Blots were quantified using the free software Fiji [62]. Statistical analyses for Western blots as well as fluorescence microscopy were performed using GraphPad Prism (GraphPad Software, USA). Graphs were plotted using the mean value together with the standard error of the mean (SEM). Statistical relevance was determined using the unpaired two-tailed t-test and is indicated in the graphs as follows: not significant (n.s. or no asterisk) for p > 0.05, * for p < 0.05, ** for p < 0.01, *** for p < 0.001 and **** for p < 0.0001.

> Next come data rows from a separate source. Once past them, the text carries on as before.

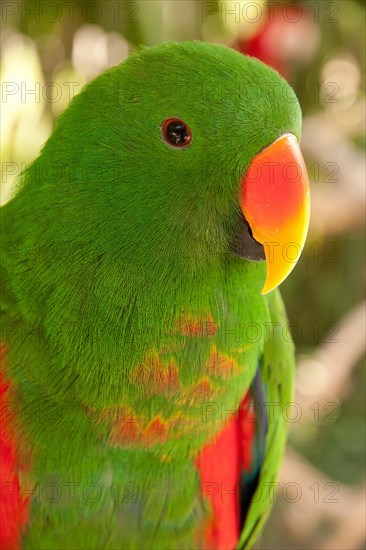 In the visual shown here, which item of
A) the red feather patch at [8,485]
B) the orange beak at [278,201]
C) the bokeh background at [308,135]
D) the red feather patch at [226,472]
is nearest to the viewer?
the orange beak at [278,201]

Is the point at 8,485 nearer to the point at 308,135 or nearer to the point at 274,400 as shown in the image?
the point at 274,400

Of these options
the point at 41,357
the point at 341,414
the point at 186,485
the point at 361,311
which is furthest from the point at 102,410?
the point at 341,414

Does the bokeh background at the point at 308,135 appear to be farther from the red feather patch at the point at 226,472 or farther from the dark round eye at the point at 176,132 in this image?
the dark round eye at the point at 176,132

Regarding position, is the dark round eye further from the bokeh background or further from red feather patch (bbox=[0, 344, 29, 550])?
the bokeh background

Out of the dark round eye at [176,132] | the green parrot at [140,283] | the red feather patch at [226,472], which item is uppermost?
the dark round eye at [176,132]

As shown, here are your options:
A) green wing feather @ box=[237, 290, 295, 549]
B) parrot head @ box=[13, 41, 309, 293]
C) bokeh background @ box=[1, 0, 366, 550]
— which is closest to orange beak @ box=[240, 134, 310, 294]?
parrot head @ box=[13, 41, 309, 293]

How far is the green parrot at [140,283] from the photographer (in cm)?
77

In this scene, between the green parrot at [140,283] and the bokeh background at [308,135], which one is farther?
the bokeh background at [308,135]

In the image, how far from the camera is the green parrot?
77cm

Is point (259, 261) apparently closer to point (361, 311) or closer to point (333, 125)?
point (361, 311)

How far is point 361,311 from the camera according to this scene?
2094 mm

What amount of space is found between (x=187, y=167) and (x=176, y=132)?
0.04 metres

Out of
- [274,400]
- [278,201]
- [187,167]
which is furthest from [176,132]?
[274,400]

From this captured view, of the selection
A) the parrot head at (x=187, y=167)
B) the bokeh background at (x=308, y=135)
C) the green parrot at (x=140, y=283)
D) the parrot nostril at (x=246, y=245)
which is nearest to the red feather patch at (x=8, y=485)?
the green parrot at (x=140, y=283) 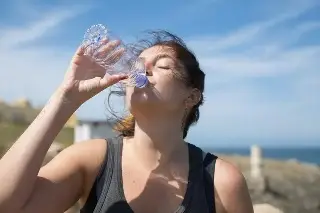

Hyperosmotic vacuole fragmentation and FM 4-64 staining

We followed the previously established protocol as detailed in [21]. FM^TM 4–64 was purchased from Invitrogen (T3166).

Acknowledgments

We are grateful to P. Schlotterhose for technical support.

Disclosure statement

No potential conflict of interest was reported by the authors.

Supplementary material

Supplemental data for this article can be accessed online at https://doi.org/10.1080/15548627.2022.2072656

Additional information

Funding

This work was supported by the “Deutsche Forschungsgemeinschaft (DFG) ” with the SFB860 project B4 to MT and project B6 to GHB; GHB was further supported by the DFG grant BR1502/18-1. OV was funded by the DFG grant VA 352/2-2 and the Q Exactive HF by INST 186/1230-1 FUGG (Stefanie Pöggeler).